3. What are you looking forward to in the collaboration with Arcam and the other AiRs?
We are looking forward to the incredible network of expertise we will have access to, which includes some of our icons in the field, as an invaluable resource for informing our research. Connecting with such talented people, to share ideas and visions and to hopefully build a collaborative relationship with. We are especially excited to work crossdisciplinary with theatre and poetry, to leave the field of classical urbanism and explore new ways of conveying our message. Also, we wish to put NEW ENVIRONMENTS on the map as a progressive research & design agency.
4. Which location or challenge in the Western Port Area appeals to you?
The Port of Amsterdam is for us a manifestation of globalization and its accompanying dynamics and challenges. These challenges include pollution, waste, global trade, geopolitics, forced labor, and global segregation. The port’s hyper-dynamic environment makes it an ideal location for prototyping and testing innovative solutions. The challenge will be for us to find some sort of a human scale access to the hyper artificial and somewhat abstract construct a port has become.
5. How do you view (economic) growth in relation to the climate challenges?
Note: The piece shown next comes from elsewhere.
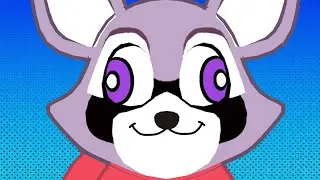 Rambley The Raccoon IN 3D! | Indigo Park Blender Animation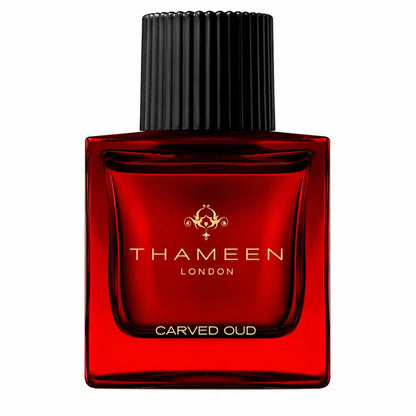 Thameen Red Carved Oud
We are very fascinated with the idea of degrowth and its translation into urban design. For now we think it’s about inventing new currencies of success that are based not on quantitative but qualitative indicators. Degrowth thinks about reducing our consumption and resource footprint. Rather than fearing a decrease in material wealth, we believe that this can come with a much higher quality of life if you shift the parameters of monetary value to emotional values like social cohesion, psychological health or thriving ecosystems.
6. What thoughts came to mind during the first month of this project in relation to the theme?
Utter confusion at first which is slowly taken over by curiosity and anticipation to do something really experimental within our field. After reading Lisa’s book “Apocalypsofie”, things became actually much clearer as the thesis she builds is quite pragmatic. As of now, we believe it is about a shift in perspective and very much a cultural question – if we survive as a species – rather than a technological one. This is also the direction we want the design to take.
7.What are you optimistic about?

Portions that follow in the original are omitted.